This Friday, 23 October 2020, oral arguments will be heard before the Third Circuit Court of Appeals regarding Kenney et al vs. the American Board of Internal Medicine (ABIM) class-action antitrust, racketeering, and unjust enrichment lawsuit (Case 20-1007). Some eyes of US physicians and all the eyes of the US certification industry will be on these arguments, even though the oral arguments are, for all intents and purposes, little more than theatre since written arguments have been fully briefed on both sides.
But the stakes for working US physicians and the physician certification industry could not be higher. Since the introduction of Maintenance of Certification® (MOC®) in 1990, ABMS board certification and lifelong re-certification have evolved into a $1 billion enterprise annually in the United States, nearly all of it funded by US physician-paid fees leveraged by coercive tactics and the monopoly on US certification enjoyed by the ABMS and its member boards.
As this week unfolds,
- Let us not forget the accusatory physician sanction letter sent by the ABIM to thousands of vulnerable residents who attended an ACGME-accredited board review course with "concerns about their ethical and professional behavior" and promising to "place a copy of this letter in their file."
- The unilateral revoking of ABIM board certification for three years that occurs without trial if the ABIM deems a physician does not "maintain moral, ethical, or professional behavior satisfactory to the board."
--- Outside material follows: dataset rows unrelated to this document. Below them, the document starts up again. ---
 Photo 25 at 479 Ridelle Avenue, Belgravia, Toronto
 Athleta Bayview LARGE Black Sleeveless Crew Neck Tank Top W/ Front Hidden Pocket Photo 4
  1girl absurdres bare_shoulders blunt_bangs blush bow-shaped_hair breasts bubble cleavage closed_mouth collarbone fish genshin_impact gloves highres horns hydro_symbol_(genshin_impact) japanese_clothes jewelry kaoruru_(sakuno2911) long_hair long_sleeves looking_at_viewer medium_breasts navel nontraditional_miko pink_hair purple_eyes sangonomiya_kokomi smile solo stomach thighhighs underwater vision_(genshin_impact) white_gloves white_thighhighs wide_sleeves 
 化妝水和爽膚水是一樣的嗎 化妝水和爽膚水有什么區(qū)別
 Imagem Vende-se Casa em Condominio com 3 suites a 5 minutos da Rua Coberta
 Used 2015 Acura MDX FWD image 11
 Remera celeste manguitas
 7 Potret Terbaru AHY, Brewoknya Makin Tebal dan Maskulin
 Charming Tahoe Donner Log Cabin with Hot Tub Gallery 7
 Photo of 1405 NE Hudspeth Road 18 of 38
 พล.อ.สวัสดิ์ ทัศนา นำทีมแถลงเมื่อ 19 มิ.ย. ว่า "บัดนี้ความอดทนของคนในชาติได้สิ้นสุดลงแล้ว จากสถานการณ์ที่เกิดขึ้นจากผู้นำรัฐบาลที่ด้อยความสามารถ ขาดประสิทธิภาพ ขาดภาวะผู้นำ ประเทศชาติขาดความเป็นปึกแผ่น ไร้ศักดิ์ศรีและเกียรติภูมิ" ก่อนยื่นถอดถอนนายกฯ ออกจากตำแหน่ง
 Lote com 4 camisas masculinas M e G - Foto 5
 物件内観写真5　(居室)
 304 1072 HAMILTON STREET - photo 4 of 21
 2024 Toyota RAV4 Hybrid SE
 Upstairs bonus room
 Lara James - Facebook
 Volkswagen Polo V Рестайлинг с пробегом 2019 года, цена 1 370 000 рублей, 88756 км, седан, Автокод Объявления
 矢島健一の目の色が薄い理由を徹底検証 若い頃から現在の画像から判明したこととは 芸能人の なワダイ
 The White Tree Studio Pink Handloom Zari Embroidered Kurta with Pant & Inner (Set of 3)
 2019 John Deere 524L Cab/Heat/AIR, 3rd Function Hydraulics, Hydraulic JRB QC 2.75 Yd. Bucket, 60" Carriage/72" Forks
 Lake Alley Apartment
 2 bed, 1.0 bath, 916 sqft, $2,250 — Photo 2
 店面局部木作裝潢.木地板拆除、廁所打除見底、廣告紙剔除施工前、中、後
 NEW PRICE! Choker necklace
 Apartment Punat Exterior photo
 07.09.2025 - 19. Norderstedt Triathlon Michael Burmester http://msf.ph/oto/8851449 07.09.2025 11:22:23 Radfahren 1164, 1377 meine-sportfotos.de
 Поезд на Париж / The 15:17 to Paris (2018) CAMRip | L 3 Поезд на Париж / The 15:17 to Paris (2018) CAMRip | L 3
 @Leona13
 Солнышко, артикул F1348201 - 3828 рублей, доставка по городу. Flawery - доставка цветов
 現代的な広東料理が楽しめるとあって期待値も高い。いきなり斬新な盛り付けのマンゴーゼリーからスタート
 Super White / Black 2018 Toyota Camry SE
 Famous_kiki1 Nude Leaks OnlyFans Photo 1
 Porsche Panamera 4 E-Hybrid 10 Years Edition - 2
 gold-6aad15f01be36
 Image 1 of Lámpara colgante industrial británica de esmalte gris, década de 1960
- Let us not forget the strong-arming convicted felon who served as the ABIM's Director of Test Security and his work at the shady test security firm Caveon after orchestrating a raid with Federal Marshals on a physicians' home to seize computers and private email lists of physicians.
- Let us not forget about the young physician who the ABIM pursued and accused of "cheating" - only to lose their case - and whose countersuit continues against the ABIM in Puerto Rico for the past seven years and counting.
- Let us not forget the numerous tax form discrepancies (fraud?) published by the American Board of Internal Medicine and the Foundation over the years, that included misstated date of origin of the ABIM Foundation, the indulgent purchase of a $2.3 million personal condominium, undisclosed lobbying efforts, and off-shoring of millions in physician testing fees to the Cayman Islands.
- Let us not forget that the ABIM has never allowed an independent audit of their finances as stipulated by the AMA House of Delegates.
- Let us not forget the reporting of Kurt Eichenwald of Newsweek on the ABIM and their finances here, here, here, and here.
- Let us not forget that physicians must agree to an adhesion contract that requires them to be research subjects without their informed consent.
- Let us not forget that physicians' board data are sold by a subsidiary of ABMS for profit.
- Let us not forget about the cool $1.426 million dollars paid to the CEO of ABIM and the ABIM Foundation in 2018.
- And let us not forget that, in the end, this lawsuit is really about the integrity of US Medicine and the justice working US physicians deserve.